Transport industry changing women’s lives

Midlife women and domestic violence survivors are finding new careers and self-confidence in the Western Australian transport industry, reports the state’s peak trucking body.

In a media release this week, the Western Roads Federation (WRF) highlighted that nearly a third of the 220 women trained to drive road trains over the last 20 years by the Pilbara Heavy Haulage Girls have come from domestic violence backgrounds.

“We have found that domestic violence survivors find empowerment in a safe space driving trucks, whilst gaining financial freedom in an incredibly supportive on-road truck driving community,” said Heather Jones, of Pilbara Heavy Haulage Girls.

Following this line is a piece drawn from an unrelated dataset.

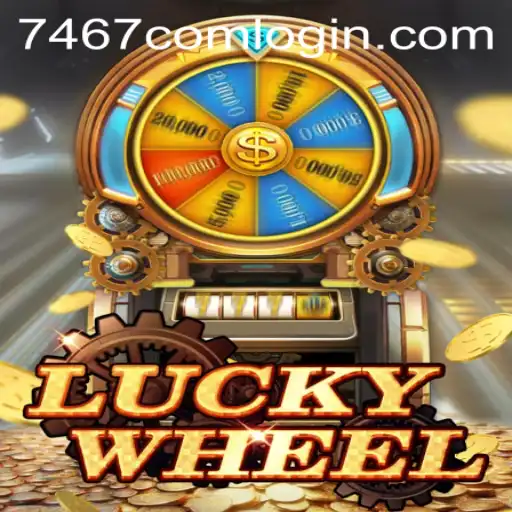 Discover the Thrill of LuckyWheel with 7467.COM
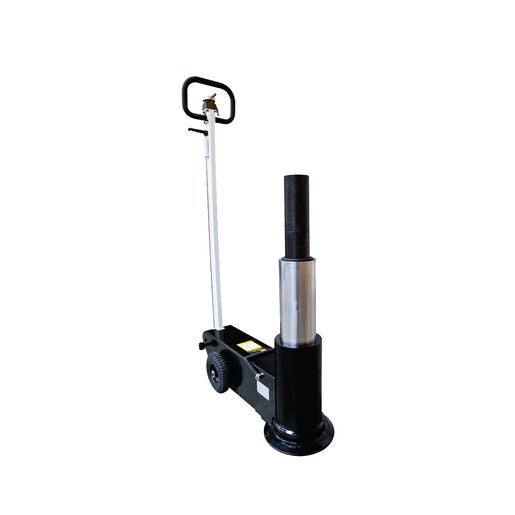 Omega 60 Tonne Air Return Telescopic Axle Jack High Tonnage 24601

Jones also recently appeared on the The Morning Show on Channel 7 to highlight the opportunities for women across the industry.

“We really need truck drivers, and there are some amazing job opportunities out there for women,” she told the nationwide audience.

Jones’s experience is also validated by both mature age women and domestic violence survivors graduating from the $6.1m Western Australian Government investment in a transport industry training program which is jointly managed by TAFE and industry.

The program has now graduated over 87 per cent of trainees into jobs in the industry, of which an increasing percentage are women.

Mature age women, who have been identified nationally as often struggling to find a new meaningful career, are also finding a new home in the WA transport industry.

For Trish, who became a road train driver in her 50s, the experience of the transport industry has been incredible.

“There’s nothing better than driving my truck, listening to my own tunes watching another beautiful sunrise across this amazing state,” she said.

Meanwhile, a recent meeting of the leading women in transport was facilitated last week by WRF to develop an urgent action plan to attract more women.

“As an industry we are recognising that we can both offer life changing opportunities for women whilst addressing our critical skills shortages,” said Louise Bilato, a WRF board director.

“There are so many career opportunities ideally suited to women in the transport industry, but we need to increase awareness, offer tailored training pathways that connect to our willing employers.

“We need the federal government to help build on the great training investment by the WA Government by offering support to women-specific programs like Pilbara Heavy Haulage Girls and tailored training pathways into the myriad of other great career opportunities offered by the transport industry.”